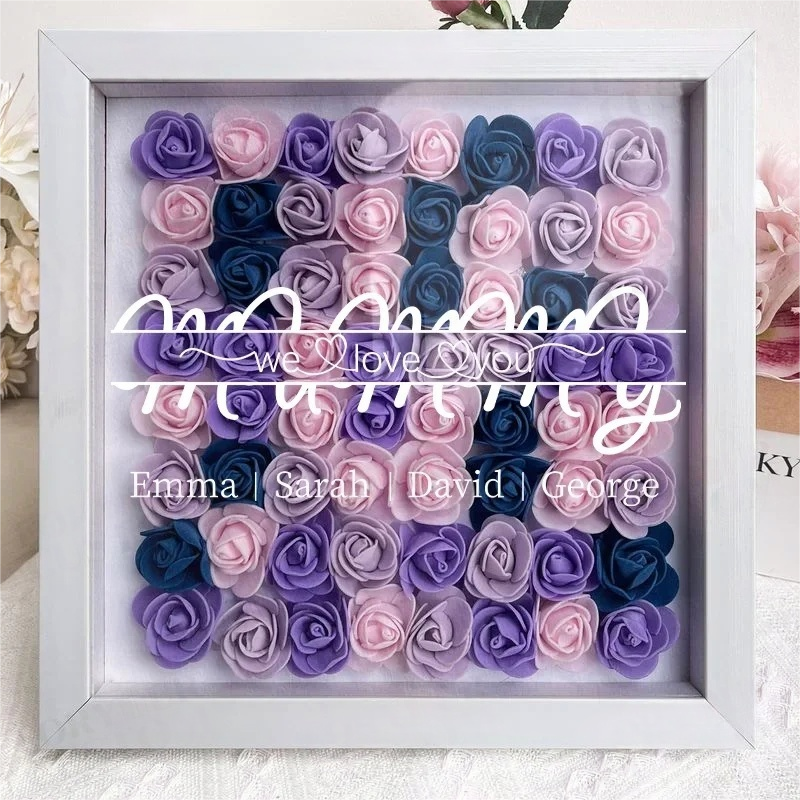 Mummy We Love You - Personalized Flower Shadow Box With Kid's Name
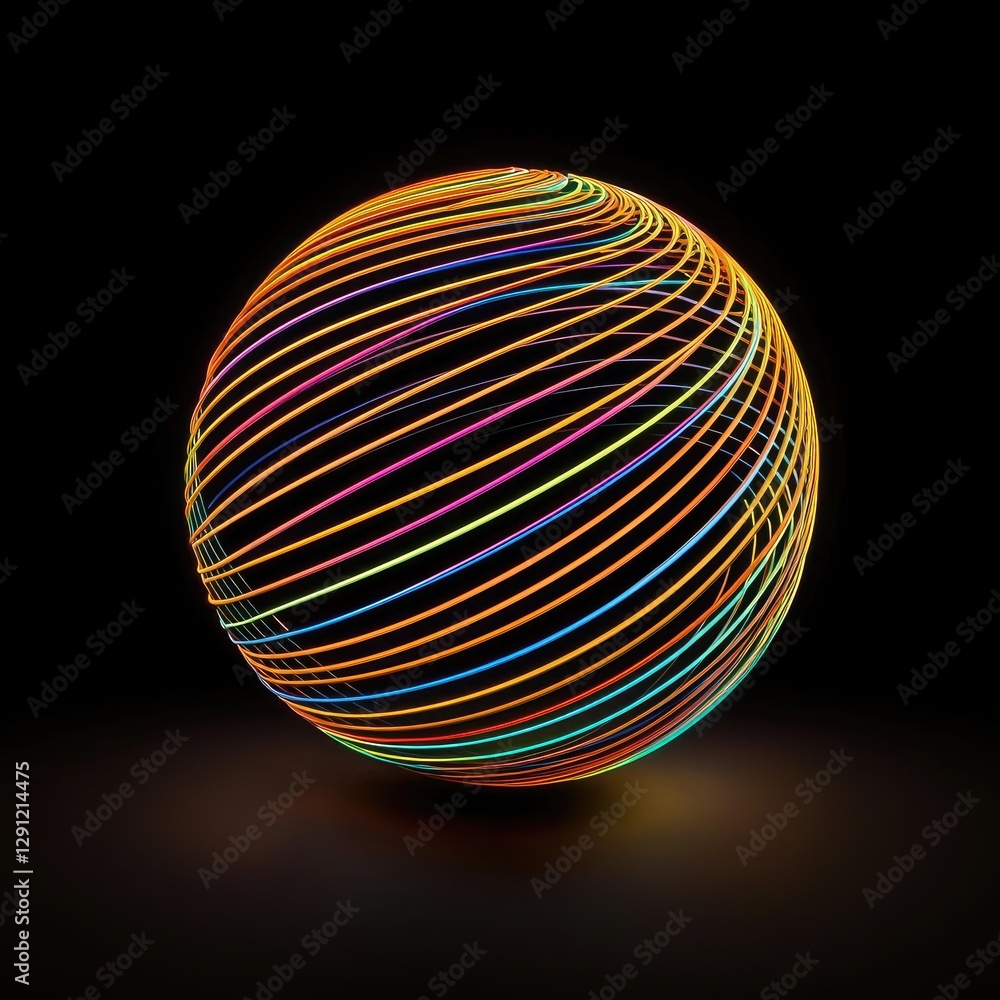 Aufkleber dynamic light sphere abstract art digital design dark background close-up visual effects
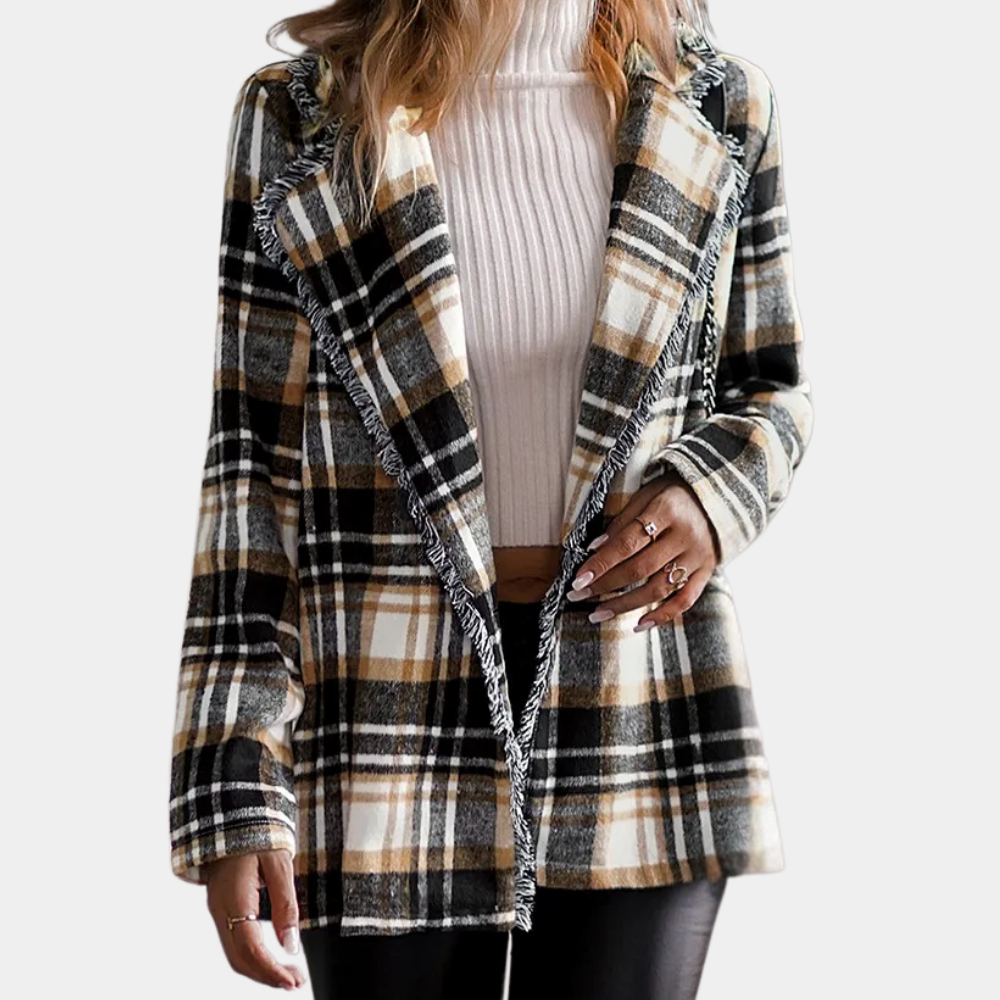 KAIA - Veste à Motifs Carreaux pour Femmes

### Task to carry out
Word for word, quote the lines above. Omit the pictures.

### Exercise answer
 Mummy We Love You - Personalized Flower Shadow Box With Kid's Name
 Aufkleber dynamic light sphere abstract art digital design dark background close-up visual effects
 KAIA - Veste à Motifs Carreaux pour Femmes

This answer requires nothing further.